Di berbagai tempat makan, dari kaki lima sampai bintang lima, saya pernah menikmati aneka macam sayur sup. Tetapi, ini menakjubkan, saya masih menganggap bahwa semua sayur sup itu tidak ada yang dapat mengalahkan kenikmatan sayur sup buatan ibu saya. Bisa jadi, kalian pun memiliki kesamaan dalam hal itu. Kalian mungkin menyukai suatu masakan ibu, dan merasa bahwa masakan lain di mana pun tidak ada yang bisa mengalahkan kenikmatan masakan ibu kalian.

Bagaimana hal semacam itu bisa terjadi? Ada yang mengatakan bahwa hal semacam itu dilatari enzim amilase. Enzim amilase adalah enzim yang bertanggung jawab mencerna karbohidrat kompleks menjadi molekul-molekul gula yang lebih sederhana. Enzim ini diproduksi di pankreas dan kelenjar ludah, dan bekerja dengan cara memecah ikatan kimia dalam molekul karbohidrat, seperti pati dan glikogen, menjadi molekul-molekul gula yang lebih kecil seperti glukosa dan maltosa. 

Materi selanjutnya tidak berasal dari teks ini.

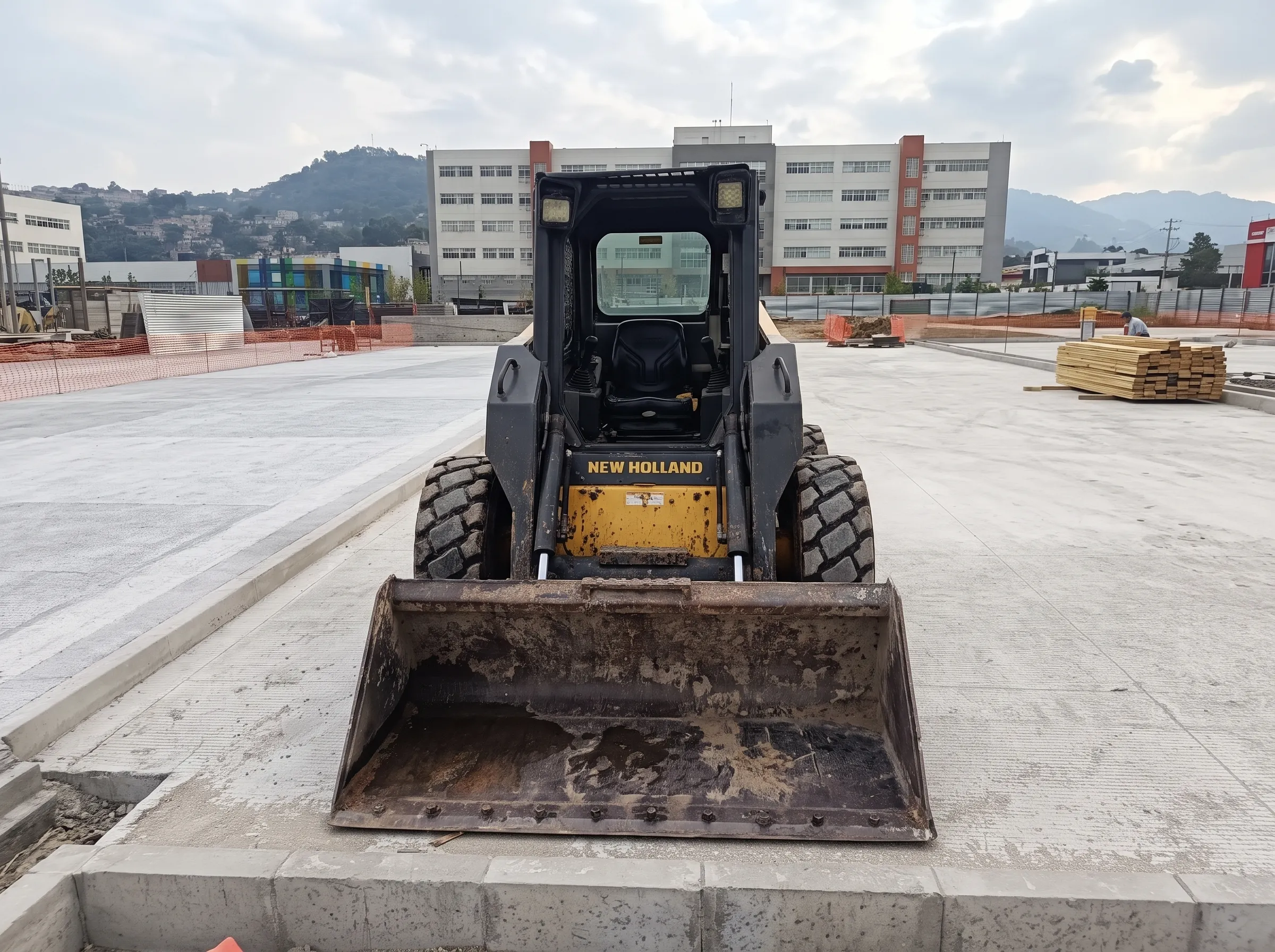 Minicargador New Holland de Renta Equipos Building en una obra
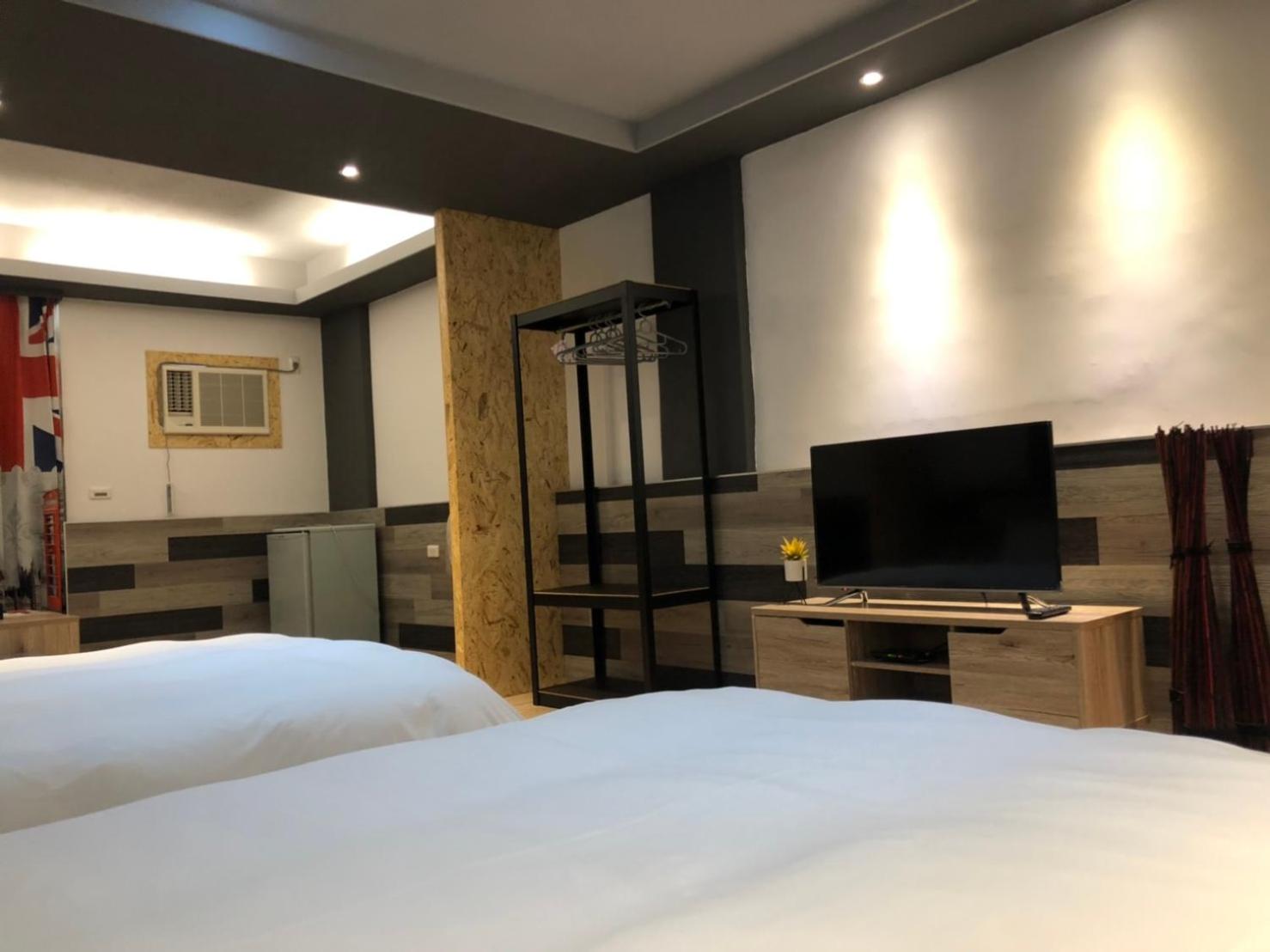 First Place B&B (Hualien Railway Station)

Level enzim amilase pada seorang ibu akan mempengaruhi level enzim amilase pada anaknya, sehingga terjadi kesamaan level amilase, dan itu menyebabkan kita “selaras” dengan selera makan ibu kita. 

Tapi hipotesis itu belum cukup terbukti. Pasalnya, anak yang sejak kecil terbiasa menikmati masakan ART di rumahnya juga akan “selaras” dengan selera makan si ART. Selain itu, ada orang-orang yang secara objektif menyadari bahwa masakan ibunya biasa-biasa saja, dan menerima kenyataan bahwa ada banyak masakan lain yang lebih enak, meski mereka tetap menyukai masakan ibunya.

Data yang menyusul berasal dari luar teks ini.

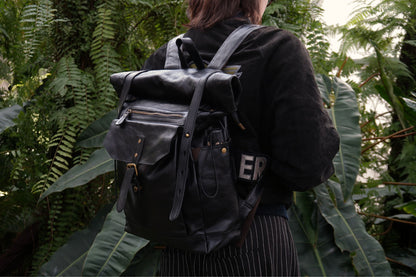 Unisex cowhide leather Torba design Roll top backpack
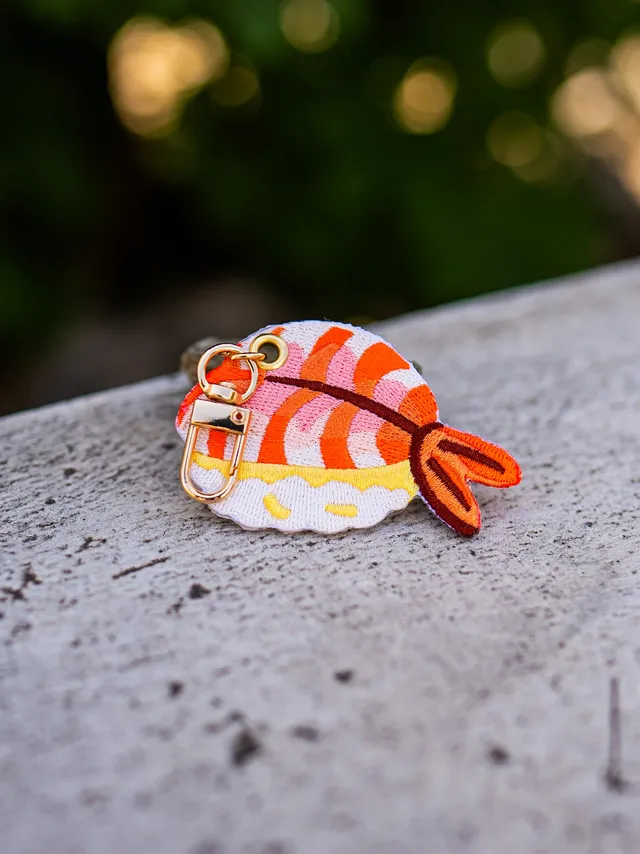kabujiro-charms-ebi-sushi-stick-charm-schl-sselanh-nger-gold image 1
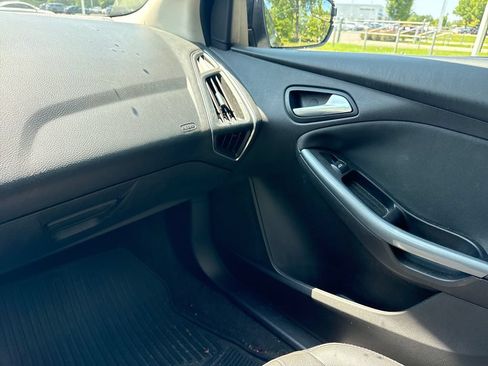 Used 2012 Ford Focus Titanium FWD image 17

Jadi, saya lebih meyakini bahwa kita menganggap masakan ibu sangat enak—terlepas apakah benar enak atau tidak—karena “doktrinasi” yang kita terima sejak kecil. Seperti yang saya alami. Sejak kecil, saya akrab dengan sayur sup dan aneka sayur lain buatan ibu, dan terbiasa, dan menganggapnya enak. Sampai sekarang, saya masih menganggap sayur buatan ibu tetap yang paling enak. 

Sekarang, mari buat ilustrasi terbalik. 

Suatu malam, saya keluar rumah dengan perut lapar. Ketika sedang melaju perlahan-lahan, saya mendapati sebuah tempat makan yang tampak ramai. Ada banyak motor dan mobil yang parkir di sekeliling tempat itu. Saya pun tergelitik, dan berhenti di sana.

Tempat makan yang saya datangi malam itu menyediakan nasi goreng dan capcay. Saya memesan capcay, dan nasi putih. Ketika menikmati hidangan itu, saya benar-benar takjub. Seumur-umur, baru kali itu saya menikmati capcay yang enaknya luar biasa! “Pantas tempat makan ini ramai sekali,” pikir saya waktu itu.

Usai makan, sambil menikmati udud, saya berpikir, apakah capcay yang saya makan malam itu benar-benar enak, ataukah terasa enak karena kebetulan saya sedang lapar?

Beberapa hari kemudian, saya kembali ke tempat itu, karena penasaran, juga karena ketagihan dengan capcay yang sangat enak. Saya kembali memesan nasi dan capcay. Kali ini, saya mempersiapkan pikiran senetral mungkin, agar lidah saya lebih objektif. Hasilnya, capcay itu memang enak! 

Di lain waktu, dengan rasa penasaran yang makin tinggi, saya datang ke tempat makan itu dengan kondisi perut lumayan kenyang. Kali ini, saya hanya memesan capcay, tanpa nasi. Dasar capcay enak, bahkan ketika dimakan dalam kondisi perut kenyang pun, capcay itu masih enak. Saya pun akhirnya yakin, “Ini benar-benar capcay paling enak sedunia!” 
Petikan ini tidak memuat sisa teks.